Enviado por Paula Biglieri

     Sobre el escenario religioso de fines de siglo se ha producido una espectacular diversificación y auge de creencias religiosas. El tan pregonado fin de las religiones, al compás del implacable avance del modelo socio-cultural de la modernidad y su racionalidad instrumental, se encuentra muy lejos de lograr su finalidad.

    El nuevo ímpetu religioso ha adquirido variadas formas a lo largo y ancho del planeta. En el caso específico de América Latina, la cuestión parece volcarse hacia una pluralización del ámbito religioso, antaño hegemonizado por la Iglesia católica. En efecto, nuestro continente considerado históricamente católico, ha comenzado a experimentar un cambio en las características de su composición y cultura religiosa donde la modificación ha tenido eminentemente un carácter pentecostal.

    Ahora bien, frente a esta situación surgen un sinnúmero de preguntas, la que guía la siguiente exposición es: ¿la conversión a alguna comunidad pentecostal afecta el modelo moderno de conducta cívica en sus feligreses?

    Antes de contestar esta pregunta, vale recordar brevemente (aunque son bien conocidos) algunos de los supuestos que subyacen al modelo socio-cultural de la modernidad. Este modelo levantó sus pilares sobre la base de la creciente diferenciación y especialización de esferas, que implicaban, entre otras cuestiones, una separación (diferenciación) de los campos "secular" y "religioso". El proyecto que la modernidad puso en marcha significó, la construcción de un modelo socio-cultural apoyado en la ruptura y el desencantamiento con el orden religioso que gobernaba el mundo. Escisión que provocó un quiebre con el fundamento trascendental que concebía al poder divino como sustento y garante del orden establecido, fuera del alcance y operacionalidad de los hombres.

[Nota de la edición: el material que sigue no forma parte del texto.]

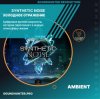 Pochette Synthetic Noise - Холодное отражение Synthetic Noise - Холодное отражение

    En este contexto, la utopía del modelo socio-cultural moderno significó la imposición de una visión naturalista del hombre como supuesto básico para fundamentar la negación de toda recurrencia a una ley divina. La naturaleza se imponía, de esta forma, como el origen y la argumentación de las verdades existentes y la razón como la fuente por excelencia para descubrirlas. El proyecto de la modernidad suponía un creciente avance de la secularidad en detrimento de lo sacro. Así, la modernidad intentaba reemplazar, del centro de la sociedad, a Dios por la ciencia y, en el mejor de los casos, dejar las creencias religiosas relegadas al seno de la vida privada.

    Resultó así, que el proyecto socio-cultural de la modernidad supuso el desarrollo de la secularización, que significaba, en términos generales, el proceso a través del cual los individuos se reconocerían como sujetos autónomos y protagonistas en la construcción y organización de un orden social cuyo fin último se encontraba en el mundo. Es decir, la sociedad ubicada frente al desafío de autodeterminarse, generar su propia identidad, producir su propia normatividad y organizarse según sus propios fundamentos. (1)

    Frente a las circunstancias de emergencia de este escenario, la concepción del modelo de ciudadanía también se vio afectado por el proceso de secularización. Ligada a los avatares del modelo socio-cultural moderno y con el desarrollo del Estadonación, la ciudadanía también vivió su propia escisión. Ahora, ésta dejó de lado también toda fundamentación trascendente y quedó anclada en una base puramente secular. Por lo tanto, a partir de la modernidad el concepto de ciudadanía trajo consigo un nuevo problema a resolver: la búsqueda de una identidad puramente secular. Es decir, la identidad ya no podía sustentarse en un fundamento extra-mundano, debía ser definida en relación al Estado-nación. En este sentido, la ciudadanía produjo a partir de la modernidad un cambio de vínculo de los individuos con el poder, dando paso de una relación de sujeción del individuo a la persona del rey, a otra de "libre adhesión" a la sujeción al poder. (2)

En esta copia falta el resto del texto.